Sacar el diablo de la picardía

La picardía, en este país, quedó instituida como virtud pública. Es la mayor desgracia nacional, como fuente de corrupción, de perversión de las costumbres, de engaño, falsedad y conflictos incontables. Los pícaros, personajes marginales en las tradiciones que nos llegaron de España, pasaron a ser protagonistas principales de la política y muchas otras actividades. Pícaros con suerte.

La picaresca ha sido un campo de la literatura catalogado como inaceptable, cuando se le asignaba calificación ética negativa. Hoy en día tiene posicionamiento social. Sea cual fuere el resultado de las elecciones de ayer domingo, la picardía está patente en múltiples procedimientos juzgados como democráticos.

La transparencia es una falacia en gran parte de las actuaciones de conductores de campañas, de líderes partidistas, de individuos dotados de figuración notable en los sectores público y privado, en la educación y en general en la vida diaria. Hecha la ley, hecha la trampa, es un dicho convertido en norma consuetudinaria. Otros sostienen que, para ser parte en una causa judicial, es más útil ser experto en detectar las excepciones que tener buen conocimiento de las disposiciones legales.
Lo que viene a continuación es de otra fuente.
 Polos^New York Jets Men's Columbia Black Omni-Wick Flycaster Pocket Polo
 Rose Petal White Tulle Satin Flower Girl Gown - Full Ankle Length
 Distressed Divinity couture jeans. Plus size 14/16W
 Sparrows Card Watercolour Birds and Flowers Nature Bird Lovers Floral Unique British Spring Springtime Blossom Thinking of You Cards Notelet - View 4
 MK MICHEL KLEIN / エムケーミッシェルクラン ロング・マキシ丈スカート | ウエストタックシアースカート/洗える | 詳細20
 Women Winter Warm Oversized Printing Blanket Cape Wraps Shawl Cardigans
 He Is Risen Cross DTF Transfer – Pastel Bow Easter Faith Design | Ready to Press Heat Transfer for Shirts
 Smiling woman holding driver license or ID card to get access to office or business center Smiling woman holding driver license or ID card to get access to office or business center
En el Diccionario no se alaba la picardía. Se define como astucia, viveza, disimulo y engaño. Claro que también se le conoce como travesura infantil, cuando es leve, pero en general se descalifica por representar “intención o acción deshonesta o picante”. Pero entre el Diccionario y la realidad nuestra hay una diferencia parecida a la que separa el deber ser ético de la práctica habitual. La picardía está proscrita, en teoría, como factor degradante de la actividad política. Aquí, en cambio, hasta el actual Presidente, cuando era candidato al primer período, la elogió como ventaja aceptable, en controvertida entrevista radial. No puedo decir que por ese disparate deba señalársele como un pícaro, pero, por ser él quien es, aceptar la picardía puede ser un paso para legitimarla como parte necesaria del modo de hacer política.

Y nada tienen que ver los pícaros con suerte de hoy en día y de nuestros aquí y ahora, con los pobres pícaros de la novela picaresca española del Siglo de Oro, como Lazarillo de Tormes, Guzmán de Alfarache, el diablo Cojuelo o el Buscón, sujetos de baja condición, astutos, ingeniosos y de mal vivir. En esta colonia, el pícaro ha venido ganando estatus.

El tramposo y desvergonzado de las novelas se ha vuelto, mediante el agregado progresivo de la malicia indígena, un señorón digno de admiración, de ser imitado y muchas veces de resultar elegido por sus conciudadanos, como pudo haber sucedido ayer. Hoy el gran propósito nacional debería consistir, en parafraseo del bambuco, en expulsar el diablo de la picardía que tiene al país condenado a la ruina moral definitiva.